Step 4: Obtain the mask label information of the new sample image, and update the network parameters of the segmentation network and the segmentation network optimization function based on the new sample mask image and the mask label information of the new sample image.

Among them, the segmentation network optimization function is: the product of the current classification activation map and the feature extraction result is multiplied by the learning parameter α, and the multiplication result and the feature extraction result are summed, and the initial value of the learning parameter α is the specified value ( For example, 0), the above-mentioned updating of the segmentation network optimization function includes: updating the segmentation network optimization function by gradient according to the direction of increasing the learning parameter α.

Exemplarily, the above-mentioned segmentation network optimization function f' _m (x) is shown in the following formula 1.2:

f' _m (x)=α(C(x)×f _m (x))+f _m (x) Equation 1.2

In Equation 1.2, C(x) represents the current classification activation map, and _fm (x) represents the feature extraction result output by the pyramid sampling module. The initial value of the above learning parameter α is 0, which is gradually increased during training. As can be seen from Equation 1.2, the segmentation network optimization function combines the global view of the input image and selectively activates the classification according to the classification activation map returned by the regression network. Aggregate context, which improves intra-class compactness and semantic consistency.

Step 5: Perform iterative training on the segmentation network according to the updated network parameters to obtain the target segmentation network.

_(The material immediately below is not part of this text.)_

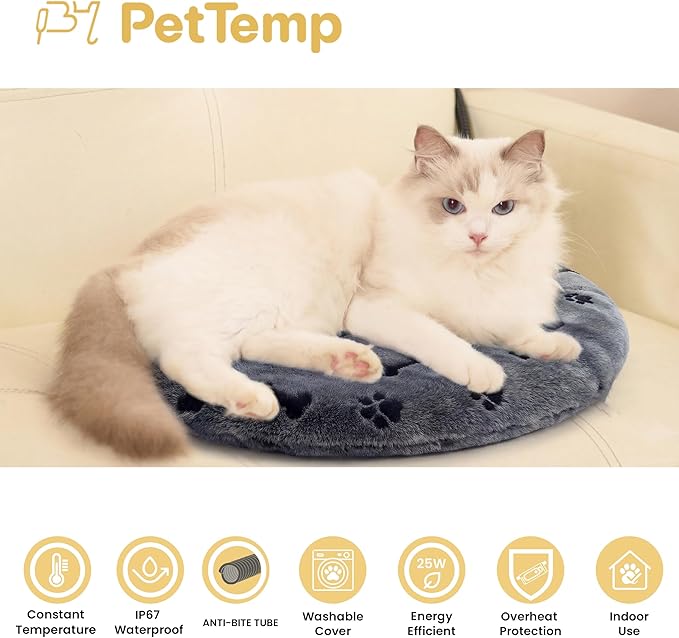 PetTemp Pet Heating Pad for Cats Dogs Indoor & Sheltered Outdoor Waterproof Heated Cat Bed Heated Dog Bed Chew Resistant Cord Constant Temperature Gray Paw Print Round 16 Inch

In the specific implementation, the target loss function of the segmentation network

as shown in Equation 1.3 below:

Among them, m represents the number of categories of the target to be segmented, f(x _j ) and s _j represent the number of pixels of the jth category of the predicted pixel value and the real pixel value, respectively, j is a positive integer, and λ is a weight parameter, which can be based on experiments The measurement data is preset. In the embodiment of the present application, when the target object is a spine, in order to make the segmentation network pay attention to the shape/edge of the spine, each pixel in the mask image output by the segmentation network can be divided into three categories (that is, the above m is 3): background , vertebrae and intervertebral discs, the pixel values corresponding to the pixels whose categories are background, vertebrae and intervertebral discs can be 0, 1 and 2 respectively, which can be used to distinguish the categories to which different pixel points belong.

After the segmentation network obtains the new sample mask image, the pixel prediction value of each pixel in the new sample mask image can be determined, and it is determined that the new sample image corresponding to the new sample image indicated by the mask label information corresponds to each pixel in the actual mask image. The marked value of the pixel point (that is, the above-mentioned real pixel value), and the value of the target loss function is calculated according to the predicted value and the marked value of each pixel. With the goal of reducing the value of the objective loss function, the network parameters of the segmentation network and the optimization function of the segmentation network are updated.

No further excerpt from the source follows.